Web page caption snippets
————
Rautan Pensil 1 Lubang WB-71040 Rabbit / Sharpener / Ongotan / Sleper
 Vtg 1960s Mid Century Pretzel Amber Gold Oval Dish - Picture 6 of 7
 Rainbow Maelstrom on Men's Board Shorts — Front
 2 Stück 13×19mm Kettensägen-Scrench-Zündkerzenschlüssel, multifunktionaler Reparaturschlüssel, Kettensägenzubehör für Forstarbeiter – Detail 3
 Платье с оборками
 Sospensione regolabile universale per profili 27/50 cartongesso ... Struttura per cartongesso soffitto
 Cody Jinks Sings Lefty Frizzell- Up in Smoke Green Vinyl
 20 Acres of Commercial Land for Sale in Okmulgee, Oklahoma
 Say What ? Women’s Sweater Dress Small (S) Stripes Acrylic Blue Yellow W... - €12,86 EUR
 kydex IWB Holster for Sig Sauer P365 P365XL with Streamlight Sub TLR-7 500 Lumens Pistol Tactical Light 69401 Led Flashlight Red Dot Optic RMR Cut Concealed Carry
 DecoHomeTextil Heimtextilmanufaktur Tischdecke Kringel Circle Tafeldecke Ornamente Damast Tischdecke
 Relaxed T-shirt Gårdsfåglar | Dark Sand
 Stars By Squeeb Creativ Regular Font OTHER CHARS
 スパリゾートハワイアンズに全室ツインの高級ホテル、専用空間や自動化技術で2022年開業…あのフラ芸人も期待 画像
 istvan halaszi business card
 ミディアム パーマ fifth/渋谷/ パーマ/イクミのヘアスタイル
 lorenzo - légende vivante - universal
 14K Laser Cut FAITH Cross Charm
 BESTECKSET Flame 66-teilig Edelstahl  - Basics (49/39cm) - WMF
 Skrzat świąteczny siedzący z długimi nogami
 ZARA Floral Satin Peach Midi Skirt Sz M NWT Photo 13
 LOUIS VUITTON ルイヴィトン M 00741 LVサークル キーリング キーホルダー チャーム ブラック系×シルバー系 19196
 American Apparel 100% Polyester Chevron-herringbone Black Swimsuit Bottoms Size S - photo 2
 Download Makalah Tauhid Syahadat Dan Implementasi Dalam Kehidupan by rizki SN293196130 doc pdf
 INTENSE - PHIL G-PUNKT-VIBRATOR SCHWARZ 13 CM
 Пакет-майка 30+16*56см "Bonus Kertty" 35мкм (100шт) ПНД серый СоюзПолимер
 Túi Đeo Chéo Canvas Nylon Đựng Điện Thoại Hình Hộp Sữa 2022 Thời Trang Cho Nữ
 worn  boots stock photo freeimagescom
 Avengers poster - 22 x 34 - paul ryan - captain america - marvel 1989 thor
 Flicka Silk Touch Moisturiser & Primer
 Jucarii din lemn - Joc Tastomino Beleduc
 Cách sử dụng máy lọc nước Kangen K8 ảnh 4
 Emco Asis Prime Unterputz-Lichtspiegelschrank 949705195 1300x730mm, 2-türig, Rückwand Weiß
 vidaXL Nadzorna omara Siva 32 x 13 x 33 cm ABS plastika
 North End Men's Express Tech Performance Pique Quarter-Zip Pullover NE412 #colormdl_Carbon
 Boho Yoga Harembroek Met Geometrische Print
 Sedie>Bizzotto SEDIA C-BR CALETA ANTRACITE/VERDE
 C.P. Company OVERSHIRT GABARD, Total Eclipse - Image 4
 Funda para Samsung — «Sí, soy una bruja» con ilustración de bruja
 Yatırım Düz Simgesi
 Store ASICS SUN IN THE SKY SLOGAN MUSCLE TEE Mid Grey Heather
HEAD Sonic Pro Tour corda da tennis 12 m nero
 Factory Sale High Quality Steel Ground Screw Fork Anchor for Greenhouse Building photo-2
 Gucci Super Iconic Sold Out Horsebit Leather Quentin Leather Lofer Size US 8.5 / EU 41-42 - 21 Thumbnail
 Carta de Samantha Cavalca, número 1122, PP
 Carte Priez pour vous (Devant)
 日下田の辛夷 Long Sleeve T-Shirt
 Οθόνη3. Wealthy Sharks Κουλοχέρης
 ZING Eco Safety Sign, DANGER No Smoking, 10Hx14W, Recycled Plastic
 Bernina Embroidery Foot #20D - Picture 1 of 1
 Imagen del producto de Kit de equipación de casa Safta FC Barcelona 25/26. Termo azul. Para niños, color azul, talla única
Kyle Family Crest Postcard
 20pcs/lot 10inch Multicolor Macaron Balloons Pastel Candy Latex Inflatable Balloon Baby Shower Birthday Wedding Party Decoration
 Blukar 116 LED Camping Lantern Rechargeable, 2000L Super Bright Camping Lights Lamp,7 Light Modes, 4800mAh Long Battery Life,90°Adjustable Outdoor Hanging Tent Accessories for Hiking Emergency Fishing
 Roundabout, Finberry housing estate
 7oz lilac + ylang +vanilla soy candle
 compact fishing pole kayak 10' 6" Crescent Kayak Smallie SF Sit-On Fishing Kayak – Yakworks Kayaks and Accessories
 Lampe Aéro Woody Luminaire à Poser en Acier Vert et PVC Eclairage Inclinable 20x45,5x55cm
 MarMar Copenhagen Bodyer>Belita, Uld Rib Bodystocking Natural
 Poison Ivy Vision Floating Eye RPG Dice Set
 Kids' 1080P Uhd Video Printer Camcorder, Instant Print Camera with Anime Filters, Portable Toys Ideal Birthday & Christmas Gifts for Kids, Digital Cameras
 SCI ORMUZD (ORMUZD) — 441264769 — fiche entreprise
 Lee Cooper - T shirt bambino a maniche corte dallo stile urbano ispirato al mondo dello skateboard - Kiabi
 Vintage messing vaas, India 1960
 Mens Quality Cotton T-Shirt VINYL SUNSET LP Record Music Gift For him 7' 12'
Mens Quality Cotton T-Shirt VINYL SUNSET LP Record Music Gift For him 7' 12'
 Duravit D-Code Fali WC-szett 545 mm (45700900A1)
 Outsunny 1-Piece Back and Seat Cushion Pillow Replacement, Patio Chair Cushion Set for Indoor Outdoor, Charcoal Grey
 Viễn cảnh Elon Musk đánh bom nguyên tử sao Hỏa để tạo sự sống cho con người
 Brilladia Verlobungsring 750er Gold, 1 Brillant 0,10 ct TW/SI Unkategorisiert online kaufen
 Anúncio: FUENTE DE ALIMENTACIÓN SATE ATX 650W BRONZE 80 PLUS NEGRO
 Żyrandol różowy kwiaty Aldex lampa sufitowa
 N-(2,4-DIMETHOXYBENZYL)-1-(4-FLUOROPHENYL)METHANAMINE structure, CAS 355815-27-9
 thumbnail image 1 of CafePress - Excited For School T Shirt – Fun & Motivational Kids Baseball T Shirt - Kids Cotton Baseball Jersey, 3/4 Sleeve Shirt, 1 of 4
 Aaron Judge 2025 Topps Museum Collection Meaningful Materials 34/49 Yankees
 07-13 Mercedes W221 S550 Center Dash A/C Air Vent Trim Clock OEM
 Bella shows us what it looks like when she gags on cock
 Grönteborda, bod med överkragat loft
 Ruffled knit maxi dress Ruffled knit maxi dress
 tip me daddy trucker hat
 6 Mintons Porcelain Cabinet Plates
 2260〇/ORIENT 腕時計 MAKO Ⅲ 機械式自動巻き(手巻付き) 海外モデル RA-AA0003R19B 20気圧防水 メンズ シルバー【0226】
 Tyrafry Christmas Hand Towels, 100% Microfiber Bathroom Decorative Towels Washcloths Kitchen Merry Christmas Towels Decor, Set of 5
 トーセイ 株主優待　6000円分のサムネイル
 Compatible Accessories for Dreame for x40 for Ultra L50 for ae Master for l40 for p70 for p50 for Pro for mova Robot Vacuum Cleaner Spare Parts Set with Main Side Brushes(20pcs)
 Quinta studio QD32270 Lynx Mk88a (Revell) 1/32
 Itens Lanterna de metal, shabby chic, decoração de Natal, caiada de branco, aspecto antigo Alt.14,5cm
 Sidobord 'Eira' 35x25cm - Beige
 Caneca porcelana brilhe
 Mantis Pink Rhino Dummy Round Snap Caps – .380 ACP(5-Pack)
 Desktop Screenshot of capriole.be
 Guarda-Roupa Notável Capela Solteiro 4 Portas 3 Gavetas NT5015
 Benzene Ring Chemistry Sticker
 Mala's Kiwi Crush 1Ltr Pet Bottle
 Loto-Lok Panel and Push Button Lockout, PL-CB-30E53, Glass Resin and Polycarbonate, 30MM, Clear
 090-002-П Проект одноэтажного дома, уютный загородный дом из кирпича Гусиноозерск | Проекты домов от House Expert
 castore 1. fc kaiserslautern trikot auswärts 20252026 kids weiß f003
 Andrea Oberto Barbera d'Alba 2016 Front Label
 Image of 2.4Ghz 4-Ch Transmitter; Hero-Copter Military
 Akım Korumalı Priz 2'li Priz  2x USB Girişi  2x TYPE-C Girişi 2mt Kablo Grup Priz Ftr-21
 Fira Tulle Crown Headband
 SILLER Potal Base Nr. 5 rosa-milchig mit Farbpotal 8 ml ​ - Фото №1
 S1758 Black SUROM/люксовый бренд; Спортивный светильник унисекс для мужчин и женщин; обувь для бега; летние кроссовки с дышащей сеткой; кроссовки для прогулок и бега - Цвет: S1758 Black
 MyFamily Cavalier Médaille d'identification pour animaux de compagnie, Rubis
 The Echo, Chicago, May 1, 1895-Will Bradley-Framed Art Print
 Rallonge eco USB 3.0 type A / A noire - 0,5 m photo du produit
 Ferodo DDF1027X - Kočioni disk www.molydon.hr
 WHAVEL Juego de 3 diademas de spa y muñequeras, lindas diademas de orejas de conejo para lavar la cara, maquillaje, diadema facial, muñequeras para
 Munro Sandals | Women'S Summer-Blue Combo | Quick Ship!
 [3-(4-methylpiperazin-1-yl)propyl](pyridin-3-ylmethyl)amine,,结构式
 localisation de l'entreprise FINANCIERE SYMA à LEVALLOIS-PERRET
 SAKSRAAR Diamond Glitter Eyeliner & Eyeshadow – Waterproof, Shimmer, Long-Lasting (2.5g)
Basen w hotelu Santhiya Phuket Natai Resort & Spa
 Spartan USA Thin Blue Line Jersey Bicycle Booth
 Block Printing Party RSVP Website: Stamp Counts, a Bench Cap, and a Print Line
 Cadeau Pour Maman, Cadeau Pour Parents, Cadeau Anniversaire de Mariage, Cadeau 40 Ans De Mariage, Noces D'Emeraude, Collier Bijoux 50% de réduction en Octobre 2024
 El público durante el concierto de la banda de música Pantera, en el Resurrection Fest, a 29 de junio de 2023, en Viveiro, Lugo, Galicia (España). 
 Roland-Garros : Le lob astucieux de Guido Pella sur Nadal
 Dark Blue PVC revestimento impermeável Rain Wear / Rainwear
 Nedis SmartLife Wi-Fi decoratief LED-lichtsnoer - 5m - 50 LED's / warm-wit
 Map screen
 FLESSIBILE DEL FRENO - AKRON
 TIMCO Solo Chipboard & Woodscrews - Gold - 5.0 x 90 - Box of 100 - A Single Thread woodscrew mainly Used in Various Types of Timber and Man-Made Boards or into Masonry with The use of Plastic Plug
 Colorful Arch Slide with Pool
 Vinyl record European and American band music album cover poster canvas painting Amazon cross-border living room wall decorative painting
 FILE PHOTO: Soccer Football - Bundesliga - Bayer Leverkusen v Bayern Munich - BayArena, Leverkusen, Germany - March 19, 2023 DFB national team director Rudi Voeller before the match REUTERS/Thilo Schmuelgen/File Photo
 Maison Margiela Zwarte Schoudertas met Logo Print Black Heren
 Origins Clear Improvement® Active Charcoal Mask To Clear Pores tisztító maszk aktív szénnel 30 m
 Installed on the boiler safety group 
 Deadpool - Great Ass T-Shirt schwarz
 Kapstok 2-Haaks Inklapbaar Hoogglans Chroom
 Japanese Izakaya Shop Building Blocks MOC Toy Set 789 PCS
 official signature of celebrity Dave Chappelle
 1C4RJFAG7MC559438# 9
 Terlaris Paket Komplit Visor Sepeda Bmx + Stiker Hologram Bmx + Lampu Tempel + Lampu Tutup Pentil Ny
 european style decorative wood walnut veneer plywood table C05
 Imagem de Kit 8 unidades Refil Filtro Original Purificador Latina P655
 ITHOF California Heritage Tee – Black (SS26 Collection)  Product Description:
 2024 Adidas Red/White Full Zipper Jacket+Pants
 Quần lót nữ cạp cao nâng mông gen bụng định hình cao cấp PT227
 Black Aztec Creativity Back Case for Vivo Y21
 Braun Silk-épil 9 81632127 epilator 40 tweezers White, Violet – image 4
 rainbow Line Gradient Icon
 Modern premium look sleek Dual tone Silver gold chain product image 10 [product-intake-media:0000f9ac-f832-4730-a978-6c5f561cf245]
————
■ TASK REQUIREMENTS:
Given the records above, reproduce precisely and only the lines between the line holding "Guarda-Roupa Notável Capela" and the line holding "Fira Tulle Crown Headband", inclusive.

■ RESULT FOR THIS TASK:
 Guarda-Roupa Notável Capela Solteiro 4 Portas 3 Gavetas NT5015
 Benzene Ring Chemistry Sticker
 Mala's Kiwi Crush 1Ltr Pet Bottle
 Loto-Lok Panel and Push Button Lockout, PL-CB-30E53, Glass Resin and Polycarbonate, 30MM, Clear
 090-002-П Проект одноэтажного дома, уютный загородный дом из кирпича Гусиноозерск | Проекты домов от House Expert
 castore 1. fc kaiserslautern trikot auswärts 20252026 kids weiß f003
 Andrea Oberto Barbera d'Alba 2016 Front Label
 Image of 2.4Ghz 4-Ch Transmitter; Hero-Copter Military
 Akım Korumalı Priz 2'li Priz  2x USB Girişi  2x TYPE-C Girişi 2mt Kablo Grup Priz Ftr-21
 Fira Tulle Crown Headband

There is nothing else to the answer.